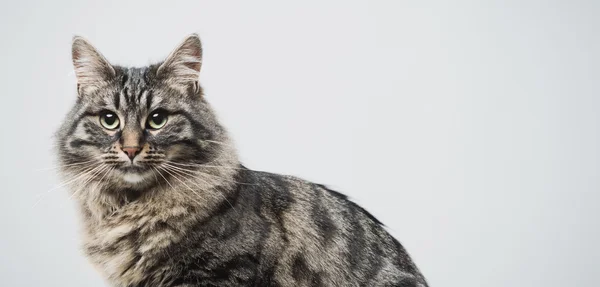 Schöne Katze posiert — Stockfoto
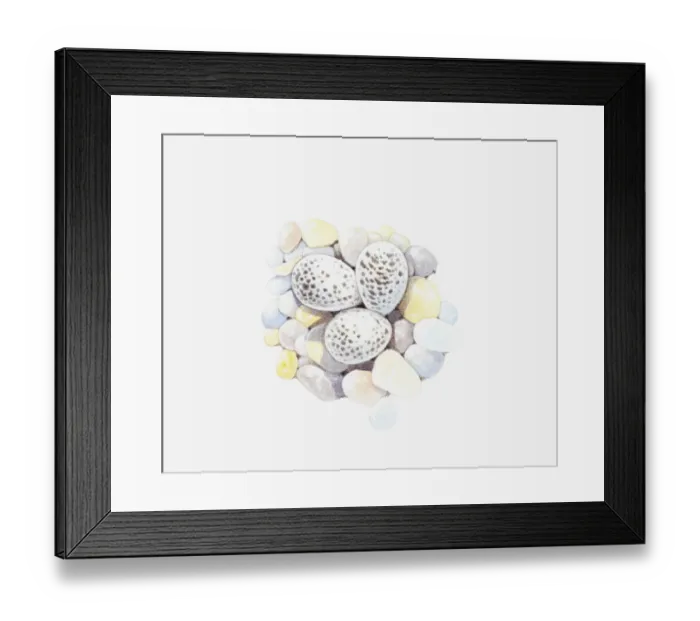 Framed Print : Illustration of speckled Ringed Plover (Charadrius hiaticula) eggs on pebble nest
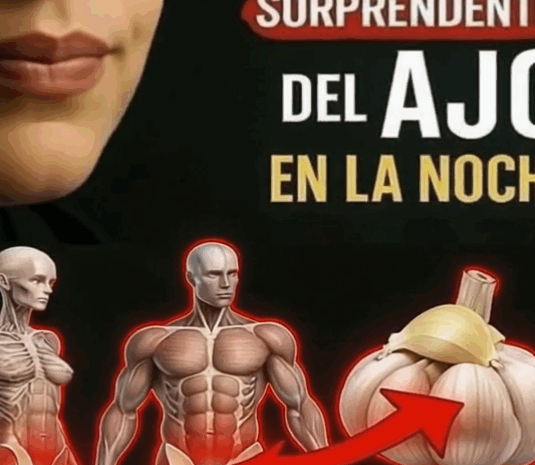El Impacto del Ajo en la Noche: Bienestar y Salud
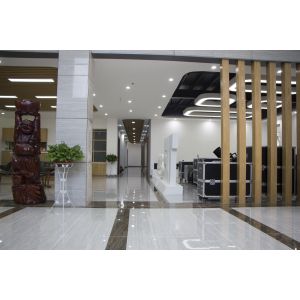 Changsha Maya Special Effects Equipment Co., Ltd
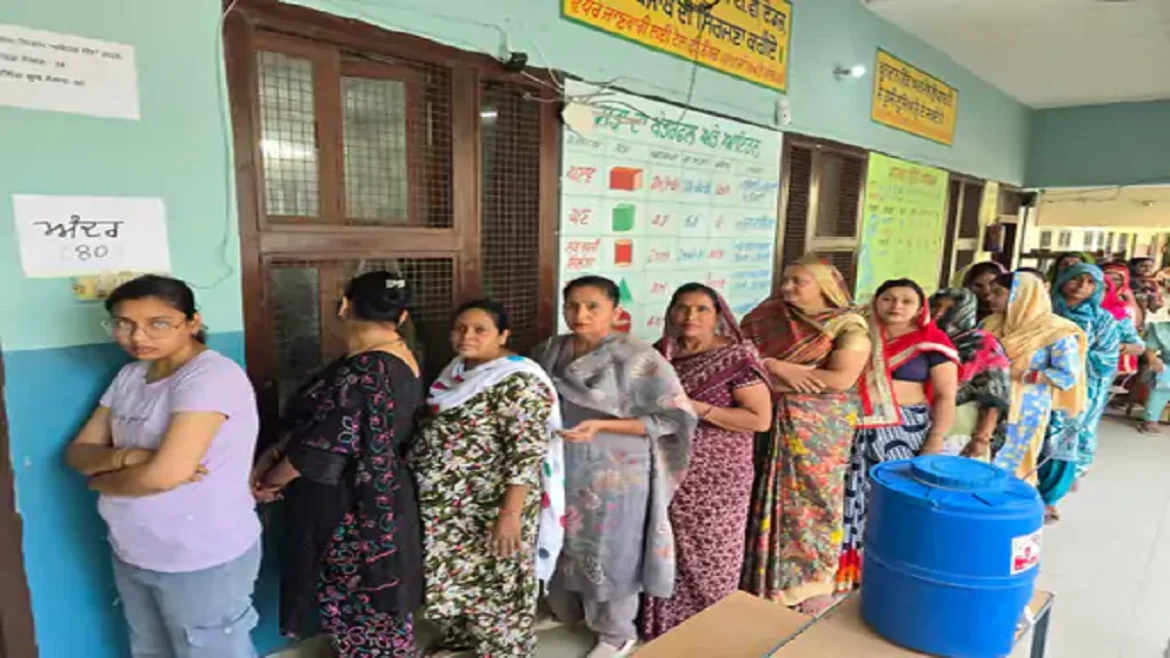 voting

+ + +

* **PROBLEM STATEMENT**
Your copy must repeat the data word for word and show none of its images.

* **ANSWER TO THE PROBLEM**
 Schöne Katze posiert — Stockfoto
 Framed Print : Illustration of speckled Ringed Plover (Charadrius hiaticula) eggs on pebble nest
El Impacto del Ajo en la Noche: Bienestar y Salud
 Changsha Maya Special Effects Equipment Co., Ltd
 voting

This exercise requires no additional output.